Saint John Vianney and Catherine of Siena on Prayer, Fish, and the Blessed Sacrament

  "Some men immerse themselves as deeply in prayer as fish in water, because they give themselves totally to God."


 So writes Saint John Mary Vianney in his Catechetical Instructions (Second Reading from today's Office of Readings)

This reminds me of something Saint Catherine of Siena wrote in her Dialogue; this is not it, but I found this one first...

"See, dearest daughter, in what an excellent state is the soul who receives, as she should, this Bread of Life, this Food of the Angels. "By receiving this Sacrament she dwells in Me and I in her, as the fish in the sea, and the sea in the fish -- thus do I dwell in the soul, and the soul in Me -- the Sea Pacific." (A Treatise of Prayer, no. 26)


This is it:

"since the soul seems, in such communion, sweetly to bind herself fast within herself and with God, and knows better His truth, inasmuch as the soul is then in God, and God in the soul, as the fish is in the sea, and the sea in the fish, she desired the arrival of the morning (for the morrow was a feast of Mary) in order to hear Mass." (A Treatise of Divine Providence, no. 2)

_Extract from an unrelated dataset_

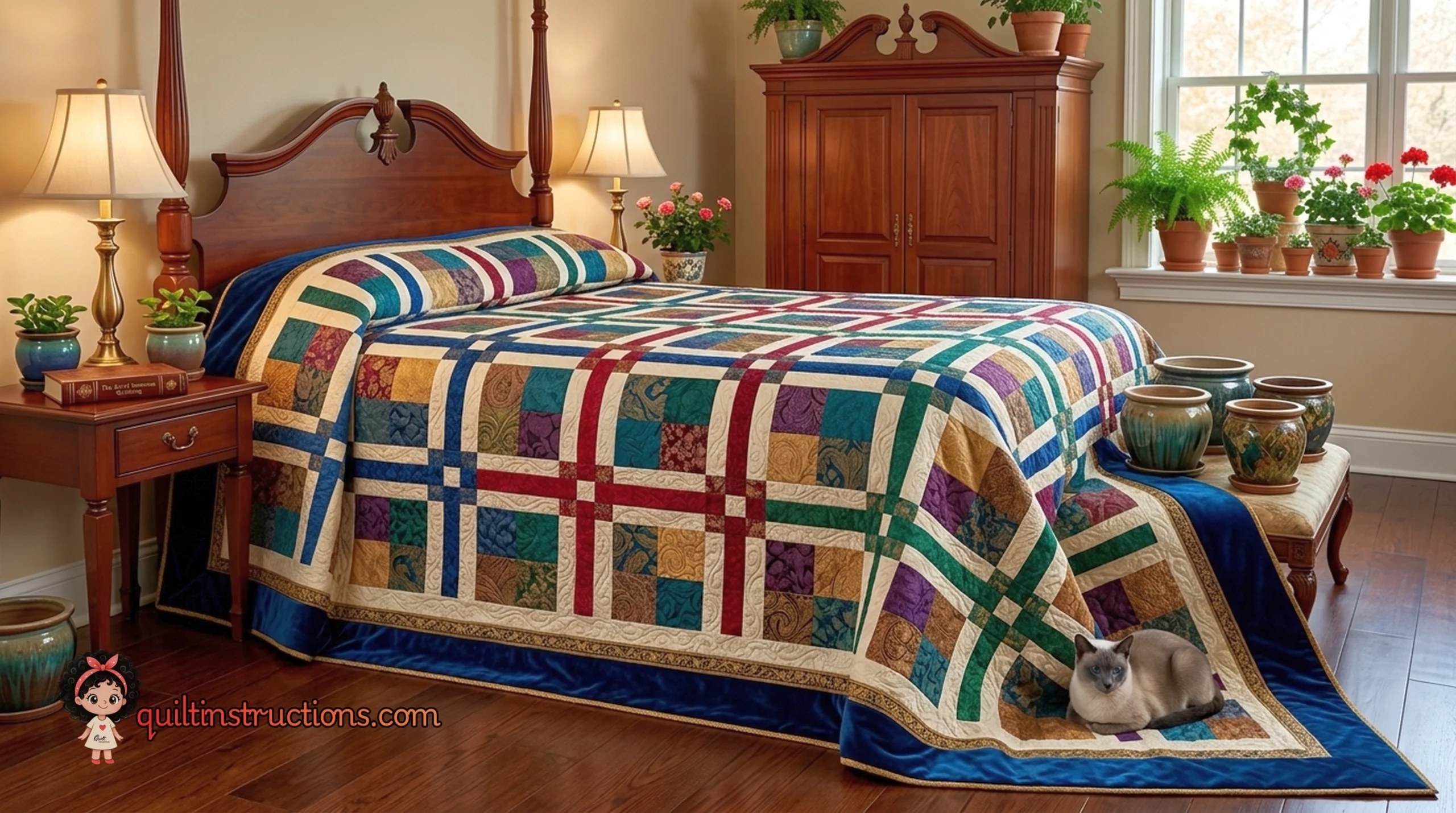 Hope Chest Quilt Showcase Hope Chest Quilt Showcase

When we receive the Most Precious Body and Blood of Christ in the Blessed Sacrament, we are like fish in the sea.

The sea is the life of the fish;
God is the life of the soul.


The sea flows in and through the fish, as well as all around it;
God's life flows in and through us, as well as all around us.


The fish cannot exhaust the ocean;
we cannot exhaust God's grace and life in us..

Every fish is unique
and uniquely loved are we by God.

Saint John Vianney, Saint Catherine of Siena, pray for us, that we may learn to live fully immersed in God's grace!